Assignment: In the listing below, the answer starts at the line that has "1FAHP3J29CL227552 - 2012" and stops after the line that has "Portrait Asian Japanese"; please repeat that part exactly and nothing more.

Exercise material:

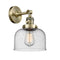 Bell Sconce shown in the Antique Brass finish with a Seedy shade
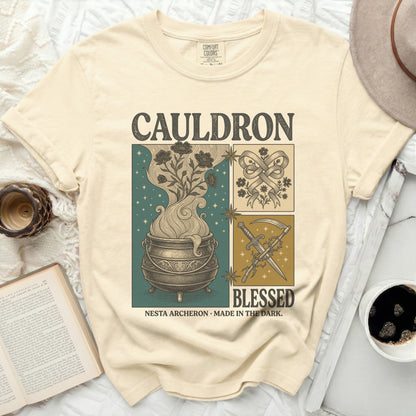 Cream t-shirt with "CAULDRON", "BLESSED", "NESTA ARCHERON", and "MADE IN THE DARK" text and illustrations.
--
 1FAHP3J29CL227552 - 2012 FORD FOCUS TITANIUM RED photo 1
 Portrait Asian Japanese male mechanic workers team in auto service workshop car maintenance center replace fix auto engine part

Expected answer:
 1FAHP3J29CL227552 - 2012 FORD FOCUS TITANIUM RED photo 1
 Portrait Asian Japanese male mechanic workers team in auto service workshop car maintenance center replace fix auto engine part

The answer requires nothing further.